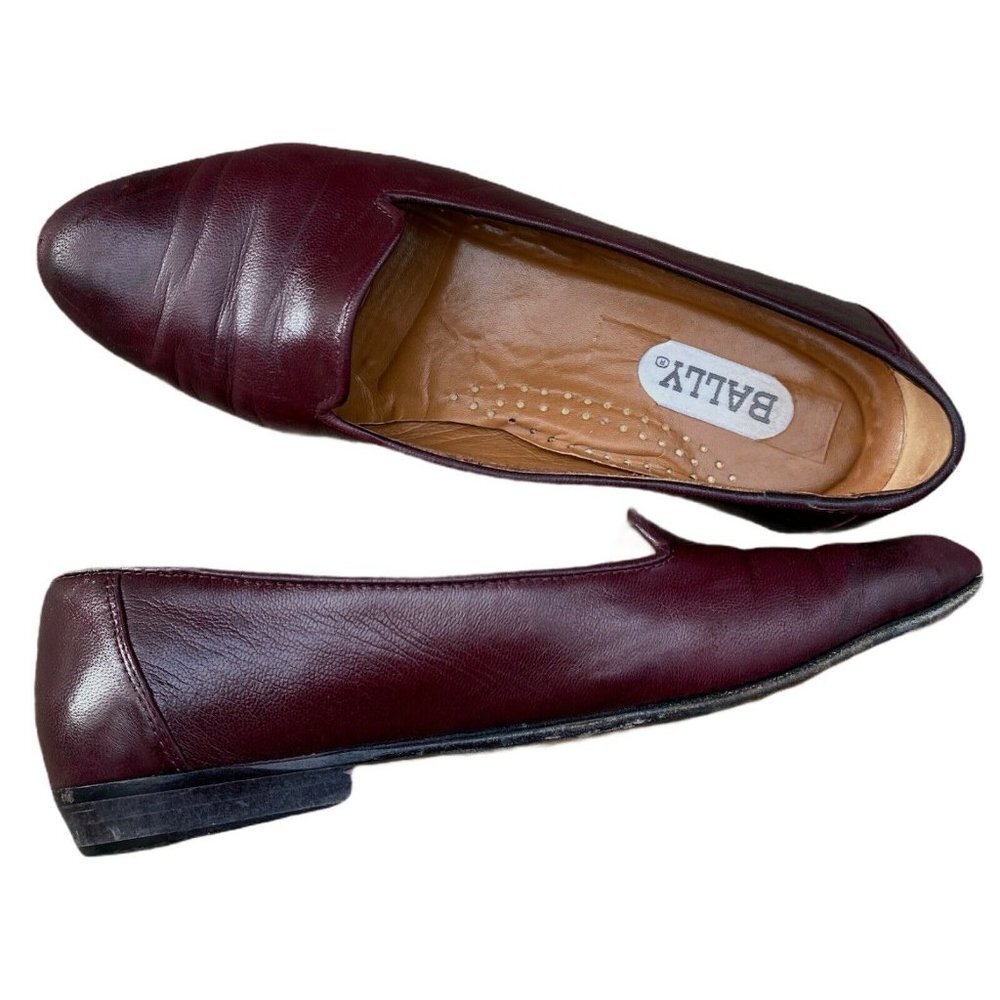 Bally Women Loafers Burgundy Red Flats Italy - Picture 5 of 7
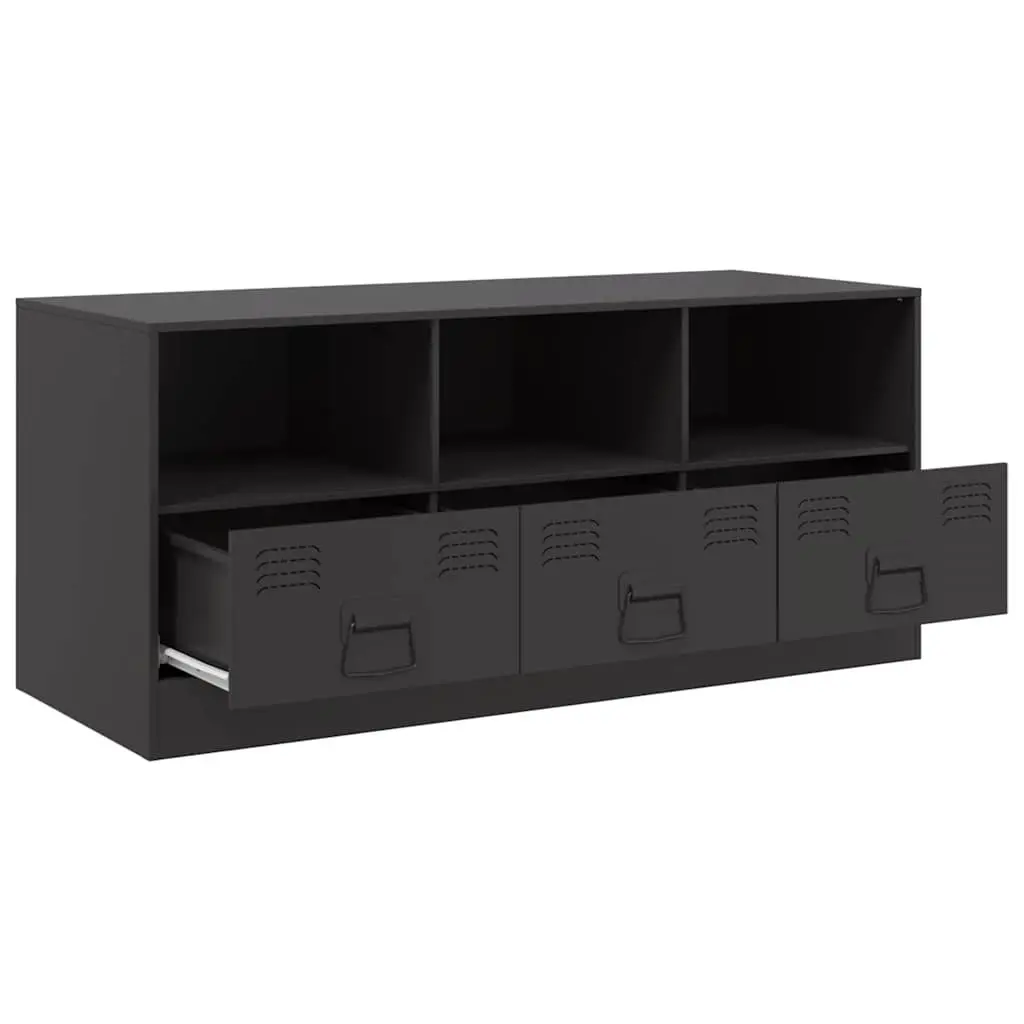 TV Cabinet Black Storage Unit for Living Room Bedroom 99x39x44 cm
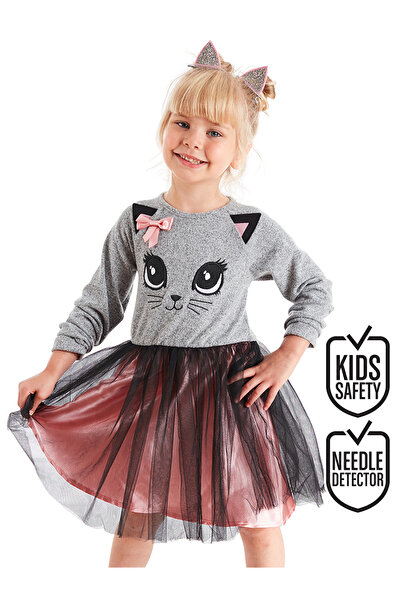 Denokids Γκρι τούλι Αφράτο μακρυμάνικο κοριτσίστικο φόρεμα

=======

▸ REQUIREMENT
No pictures, please. Output the listing above exactly as it stands.

▸ ANSWER BOX
 Bally Women Loafers Burgundy Red Flats Italy - Picture 5 of 7
 TV Cabinet Black Storage Unit for Living Room Bedroom 99x39x44 cm
 Denokids Γκρι τούλι Αφράτο μακρυμάνικο κοριτσίστικο φόρεμα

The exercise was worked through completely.